Maps almost always have a legend down in one corner explaining line types and line weights and colors and text sizes and symbology and whatnot. Do you have the entire map? Any such legend?
A lot of the plain dots are railroad station names for places that may or may not agree with the names conferred by local citizens or political entities. Others might be a sign on a post far away from the nearest building. John Armstrong included a photo of one such with his White Pass and Yukon track plan. Another was an isolated helper spur on the N&W, the downhill home of a Y6 pusher.
I’m not the Op, My search for Cotton Belt kept turning up modern commuter lines. The B&O map was just what you see without any key to the symbols, however I did find a Pittsburgh ETT Is the E Engineers? time table.
Edineau was a T/O station.
oops forgot the link.
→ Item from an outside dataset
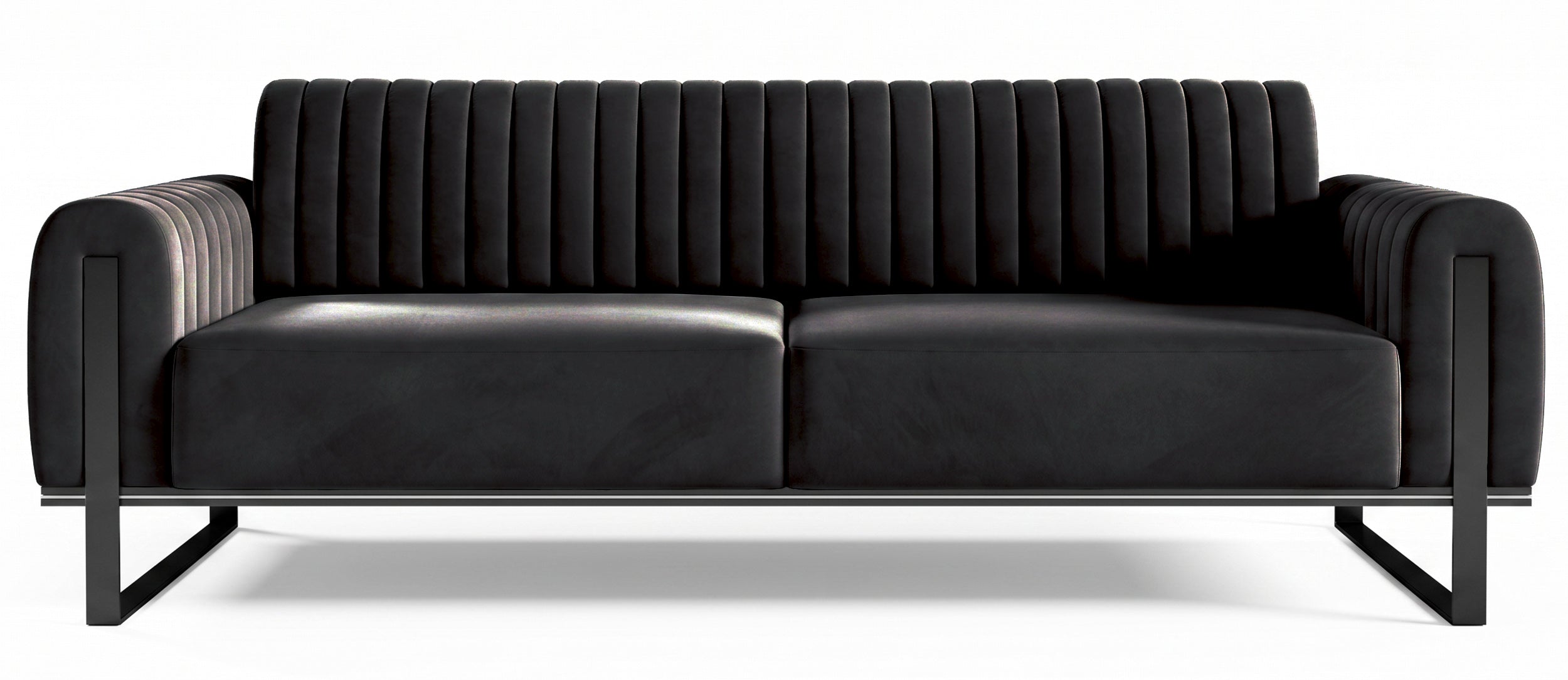 selsey-parissa-dreier-sofa-schwarzer-samt-schwarze-beine image 1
It is interesting all in itself to those of us without real world RR experience
No,ETT is Employee Time Table…That gave us a lot of information on passing sidings and industrial sidings and their capacity from the derail to the end of the siding…It would also tell us what engines wasn’t allowed on that industrial track. The daily bulletin was more important because it gave you updated information like slow orders,MOW work areas etc.
On the SSW map the stations with a dot are probably agencies (there is a station agent there) and the stations with out a dot are just stations (could be anything, but not a freight agency). All of the junction points have dots, but not all the dots are at junction points.
If you look at the Cotton Belt Route Map, and it is the Cotton Belt that the OP asked about, all of the solid dots are at interchanges and freight connections.